Moreover, companies believe that the rule should be tightened so that a small group of shareholders will be restricted from submitting losing proposals repeatedly. Currently, Rule 14a-8(i)(12) allows a company to exclude a proposal from its proxy statement for a vote at the annual meeting if it failed to receive the support of 3 percent of shareholders if voted on once in the last five years, 6 percent if voted on twice in the last five years, and 10 percent if voted on three or more times in the last five years.

The SEC under Chairman Jay Clayton’s leadership has been sympathetic to business complaints and has made it a priority to make commission rules less burdensome so more companies will be encouraged to go and stay public.

In particular, the SEC would update the conditions that a shareholder must meet for a proposal to be included in a company’s proxy statement.

It is unclear whether the SEC will adopt the thresholds as proposed, but Dave Brown, a partner with Alston & Bird LLP, thinks the commission will likely make small changes to them.

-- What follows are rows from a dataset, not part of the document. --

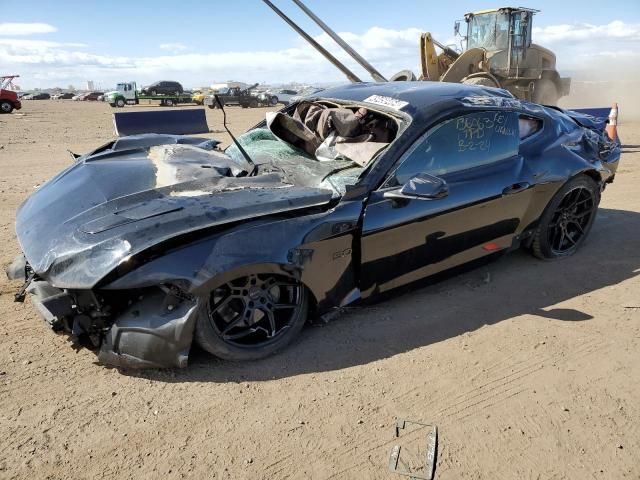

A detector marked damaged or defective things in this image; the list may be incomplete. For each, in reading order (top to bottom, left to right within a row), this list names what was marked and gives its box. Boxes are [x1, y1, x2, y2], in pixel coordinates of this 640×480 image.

shattered windshield [464, 12, 510, 50]
shattered windshield [222, 101, 398, 195]
crumpled hood [15, 133, 332, 286]
damaged front end [6, 255, 199, 368]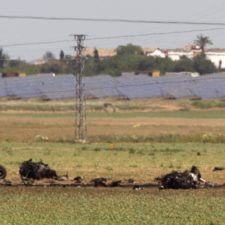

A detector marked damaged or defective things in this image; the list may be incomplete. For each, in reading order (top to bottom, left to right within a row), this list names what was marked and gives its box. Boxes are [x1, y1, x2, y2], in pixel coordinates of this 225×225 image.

burned aircraft debris [19, 159, 57, 180]
charred wreckage [0, 161, 224, 189]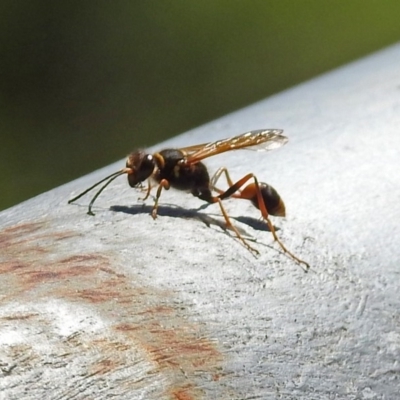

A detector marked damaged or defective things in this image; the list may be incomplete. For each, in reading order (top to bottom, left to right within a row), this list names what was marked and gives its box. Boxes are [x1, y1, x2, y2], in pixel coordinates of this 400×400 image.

rust stain [0, 220, 225, 398]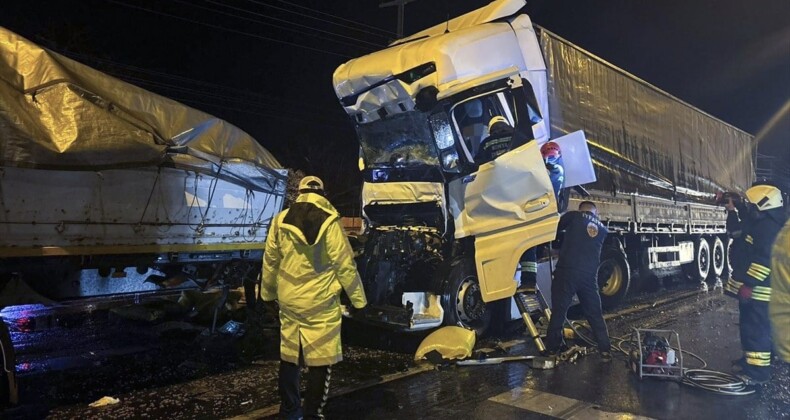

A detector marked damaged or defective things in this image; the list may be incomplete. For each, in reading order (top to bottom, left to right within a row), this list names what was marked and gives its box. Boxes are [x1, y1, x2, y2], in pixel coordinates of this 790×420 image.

crumpled metal hood [0, 27, 284, 194]
crushed windshield [358, 110, 440, 168]
severely damaged truck cab [332, 2, 564, 332]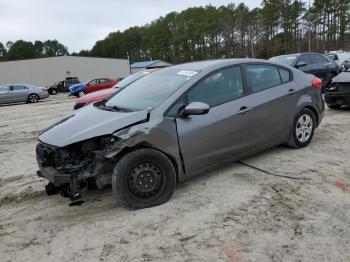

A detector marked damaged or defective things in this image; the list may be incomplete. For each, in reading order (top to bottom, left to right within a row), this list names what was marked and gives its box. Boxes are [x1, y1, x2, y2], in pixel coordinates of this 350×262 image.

crumpled hood [39, 105, 149, 148]
damaged kia forte [36, 59, 326, 209]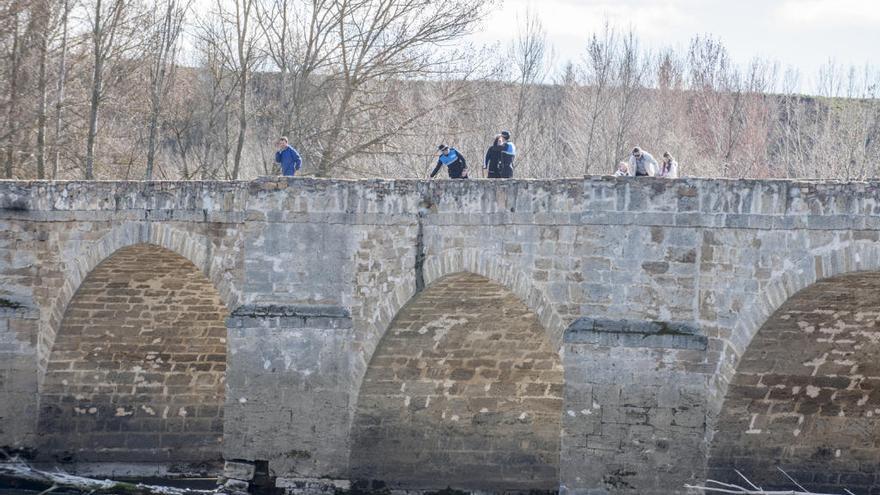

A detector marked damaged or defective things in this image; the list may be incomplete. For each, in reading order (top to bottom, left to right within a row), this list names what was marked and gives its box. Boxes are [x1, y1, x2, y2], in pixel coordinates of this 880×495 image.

“I think there will be some minor tweaks similar to the proxy advisers,” Brown said. “The minor tweaks give them the opportunity to show that the SEC listened to the comments while also pushing the key reforms through.”

In the proxy adviser rules, the SEC in July largely adopted the rules as proposed. One small change has to do with the timing of when proxy advisers are required to provide voting recommendations to companies.

The final rule says it should be prior to or at the time when the advice is disseminated to asset managers. The SEC had proposed to require proxy advisers to give companies an opportunity to review and provide feedback before the recommendation is issued.

Investor advocates want current 14a-8 rules left intact because, among other things, they believe ESG matters are increasingly material today. They also believe small retail investors will be disenfranchised if the thresholds were raised. Most of all, they believe the current process helps to hold corporations accountable.

Release No. 34-87458 would eliminate the current 1 percent threshold, but a shareholder with at least $2,000 of a company’s securities must hold them for at least three years. If a shareholder holds more than $15,000, then the waiting period is two years, with $25,000 it is one year.

The proposal would raise the current resubmission thresholds of 3 percent, 6 percent, and 10 percent to 5 percent, 15 percent and 25 percent, respectively. It would also allow companies to exclude a proposal that has been previously voted on three or more times in the last five years, notwithstanding having received at least 25 percent of the votes cast on its most recent submission, if the proposal received less than 50 percent of the votes cast and experienced a decline in shareholder support of 10 percent or more compared to the immediately preceding vote.